In November, CFA’s Department of Dance invited an extraordinary collaboration thanks to the Lydia Hao Emerging Artists Program, welcoming Tanya Wideman-Davis and Thaddeus Davis of Wideman/Davis Dance to campus for a week-long intensive residency. As part of this residency, Wideman/Davis choreographed dances for our dance students and presented lectures, engaging in dialogues about the history of dance and the influence of slave/plantation culture on the American aesthetic and artistic legacy in dance. They also led intensive master classes contemporary ballet technique over the course of the week.
Established within LMU’s College of Communication and Fine Arts by Lydia Hao, the Emerging Artists Program recognizes the contributions of artists on campus and identifies emerging national and international artists. As the program has evolved, connections have been forged between these artists and LMU students and faculty artists, and have enhanced teaching and creative work in CFA’s visual and performing arts program.
Wideman/Davis Dance is deeply committed to revealing social and political issues through an African-American perspective, making work that is inspired by and engaged with current issues including race, social class, gender, and location. The goal of the company is to connect with communities of all ages through residencies and by increasing their awareness of these social and political issues, and the ways in which those issues play out in today’s world. In designing residencies, the company seeks to create environments for participants that cultivate their potential and empower them to change. Wideman-Davis and Davis are also both Associate Professors at the University of South Carolina.
Wideman/Davis Dance choreographed two pieces, one that the company performed in the dedicated Emerging Artists Concert, and another for the students, which was performed both in the Emerging Artists Concert and as part of the Fall Dance Concert.
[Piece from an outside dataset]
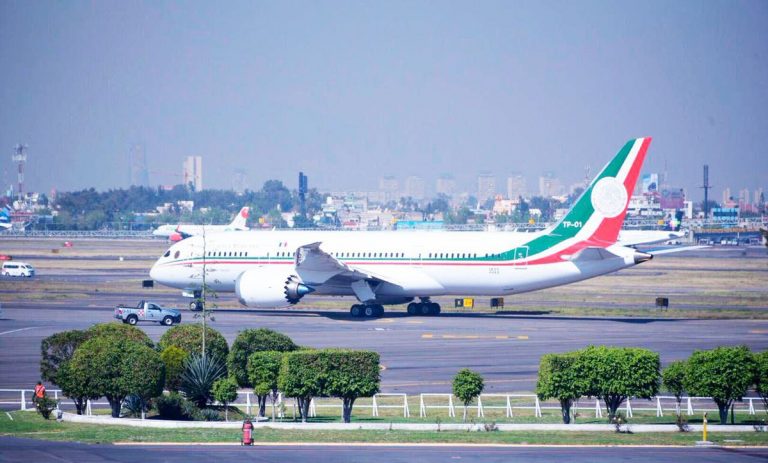 ¡Se fue, se fue! El avión presidencial parte hacia California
The piece performed by Wideman/Davis Dance was entitled Untitled (Spatializing Blackness) and separated-released-reunified was choreographed on the LMU students as part of the teaching residency.
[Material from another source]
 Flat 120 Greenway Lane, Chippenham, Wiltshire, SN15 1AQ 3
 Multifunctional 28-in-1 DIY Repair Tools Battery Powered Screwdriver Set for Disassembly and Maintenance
As described by Associate Professor of Dance Rosalynde LeBlanc Loo, “Untitled (Spatializing Blackness) is a collaborative dance-theater work that lies at the intersection of poetry and reportage about the stark realities of race relations today. Grounded in stories of police brutality that sparked the Black Lives Matter Movement, Untitled (Spatializing Blackness) gives an abstract, symbolic, and poetic treatment, in both text and movement, to the cold, hard facts of what it can mean to be black in America.”
“Inspired by the six-week period in April and May of 2018 when nearly 2000 children were separated from their families and detained under the Trump Administration’s “zero-tolerance” policy for illegal immigration, separated-released-reunified is an ensemble dance piece intended to turn our attention to the very first step in the systematic disenfranchisement of a group of people, the breaking apart of the familial bond. Highlighting the precedent that began 400 years ago with African slaves entering this country and has carried on today with migrants, separated-released-reunified asks us all to experience “blackness,” and recall what it felt like, as children, the first time we got lost or separated from our own parents.”